Boştaki elini Jungkook'un kızarmış yanağına götürdü ve okşadı. "Başlangıçta endişelendiğinden dolayı yapmamda tereddütlüydün ama şimdi yalvarıyorsun, tch tch, yaramaz babyboy." Sırıtırken diğer elini aşağıya doğru indirdi ve Jungkook'un kalçasını kavrayıp vurdu.

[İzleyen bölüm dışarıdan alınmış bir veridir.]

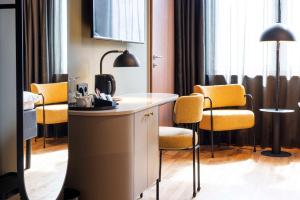 una habitación de hotel con sillas, escritorio y una habitación en Scandic Wrocław en Breslavia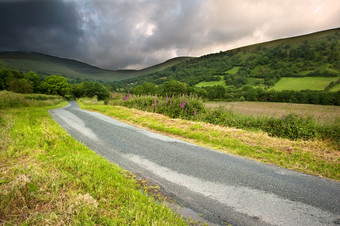 绿色调山下的公路摄影图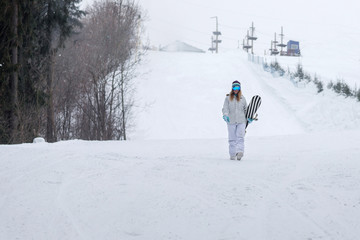 Wall Mural - Young girl snowboarder goes towards camera on snowy mountain in the forest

Tene vurduğu sırada pembe dudaklar arasından erotik ve kışkırtıcı bir inleme çıkmıştı. "Siktir! Tekrar duymak istiyorum, bebeğim." Elini kalçasına götürüp sıktığı sırada Jungkook yalvarmaya başlamıştı.
"Daha fazlası için yalvar, babyboy."
Sinir bozucu bir yavaşlıkla penisini dar deliğe iterken Jungkook'un gözleri zevkten kaymaya başlamıştı. "Babacık s-seni daha derinlerimde i-istiyorum l-lütfen..." Başını arkaya yasladı. "Bana istediğin her şeyi y-yap ve becer b-beni..."
Duydukları yüzünden aniden durdu Jimin. Altında, terleyip bedenini kontrol edemeyen küçüğüne her bakışında daha fazla sertleşiyordu. Boğazından hırlamaya benzer bir ses çıktığında yüzleri arasında az bir mesafe bırakarak dudaklarına doğru fısıldadı.
"Kucak dansının ne olduğunu iyice öğrenene kadar becereceğim seni..."
Dedikleriyle titreyen küçüğüne aldırış etmeden kendini içine itti. Bu sefer hızlı ve sertti.
Jungkook, beyaz çarşafı sıkan ellerini Jimin'in kaslı kollarına götürdü ve onu kendine çekti. Beyaz sırta tırnaklarını batırırken bağırdı.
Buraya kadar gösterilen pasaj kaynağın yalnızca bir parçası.